Both women are working to be Charity Runners for GOTR in this month’s marathon races. And both have their own reasons why they chose to run for the charity.

Henry wanted to volunteer and get more involved with her community. But, between work, marathon training and a social life, she realized she might not have a lot of extra time to give. The GOTR’s SoleMates program and the Louisiana Marathon’s Geaux the Distance program gave her an opportunity to use her training to give back.

“Girls on the Run’s whole mission is to teach young girls to be confident and to do that through physical activity,” Henry says. “What’s so cool about being a SoleMate and raising money for Girls on the Run is that I’m literally doing that. Training for the marathon has boosted my self-confidence so much.”

Anthony has a personal connection to GOTR. She served as a coach in the program while teaching at Baton Rouge’s Dufrocq School. When she moved to Ponchatoula last January, Anthony did not find an established GOTR program near her, so she she joined the GOTR South Louisiana Coach Advisory Board and turned to the SoulMates program. She had raised funds through SoleMates before while training for and racing in the Crescent City Classic in 2019.

“When I signed up to be a coach, it was for me to give to my students,” she says. “But really, they gave a lot to me as well. There was so much embedded in the lessons for the girls that wasn’t just for them as elementary school students. It was so helpful for me too, just as a woman. ”

Claudia Henry plans to run the full 26.2-mile marathon this month as a Charity Runner.

Home stretch

Back in November, 225 asked Henry and Anthony what they expected to feel as they made the final push and drifted over the finish line at the end of their races.

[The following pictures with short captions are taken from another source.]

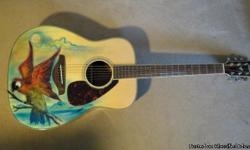 2012 Yamaha FG730S guitar. This guitar is mint condition, has been played very little and has a great sound. Custom painted by Carlos Montoya. Don't miss this fantastic deal.&nbsp;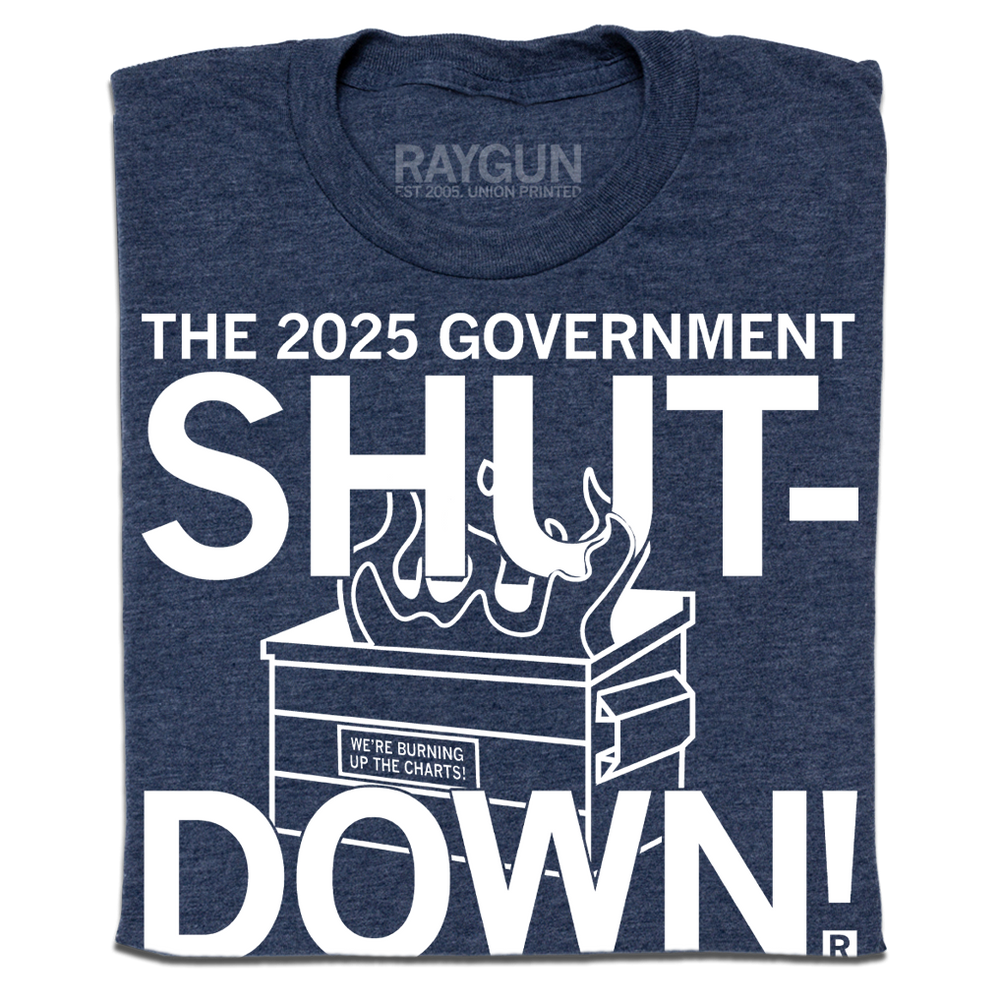 Heather navy t-shirt with text in white ink that reads "The 2025 Government Shutdown: the longest and dumbest in history." over an illustration of a dumpster on fire.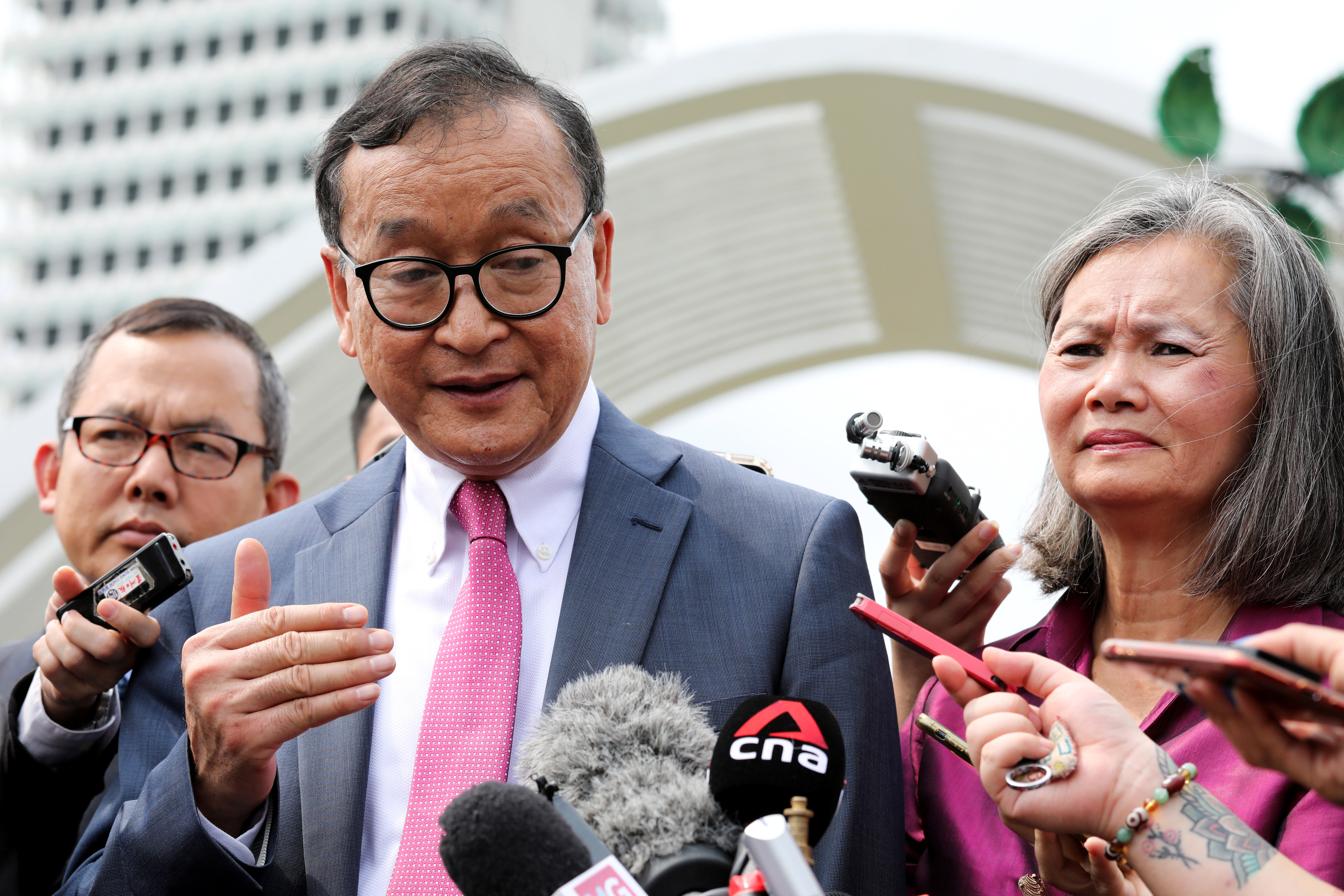 Self-exiled Cambodian opposition party founder Sam Rainsy and Mu Sochua, Deputy President of the Cambodia National Rescue Party (CNRP), speak to members of the media in Kuala Lumpur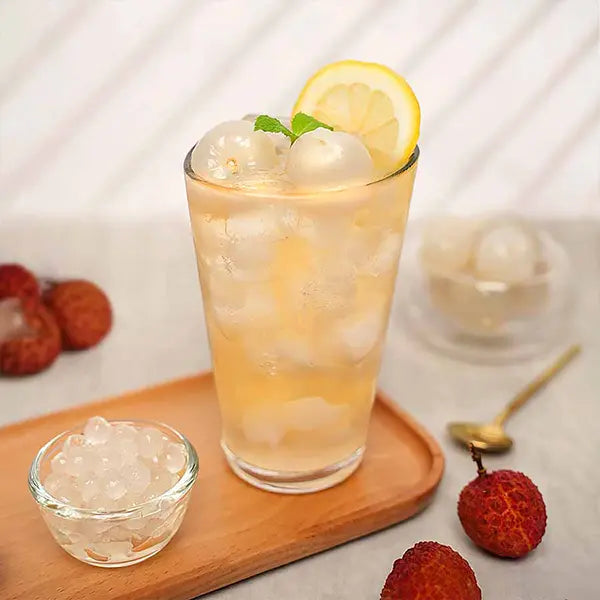 Sparkling pineapple drink with lemon and ice – tangy and refreshing.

“I get this vision in my head (of) crossing the finish line and hugging my mom,” Henry says. “It’s going to be so rewarding to cross the finish line and know I’m able to give other girls in south Louisiana the opportunity to participate in (GOTR) programs and realize their limitless potential.”

Anthony agrees the hard work will be worth it.

“I think it’ll feel surreal,” she says. “Running has been such a struggle for me for so many years, and it’s always the thing in the Army that’s made me feel like I wasn’t good enough. … I’m going to go out there (on race day), and I’m going to go 13 miles, even if I have to walk a little bit.”

For Wattigny, seeing Charity Runners like Henry and Anthony reach their goals, is a first step.

“I’m really excited to be able to get (the Geaux the Distance Program) started, but this is as small as it will ever be,” he says.

He hopes to have even more Charity Runners sign up to run their races for a greater cause in 2025. And he aims to have 10 to 20 other charities and nonprofits follow in GOTR’s footsteps, using the race to raise funds through an eager group of selfless athletes. thelouisianamarathon.com

How it works

Geaux the Distance Charity Runners create webpages where supporters can donate to their mission. Those participating in the 5K or quarter-marathon have to raise a minimum of $250, and those running the marathon or half-marathon must raise at least $400. If they meet those benchmarks, their entry fee is refunded.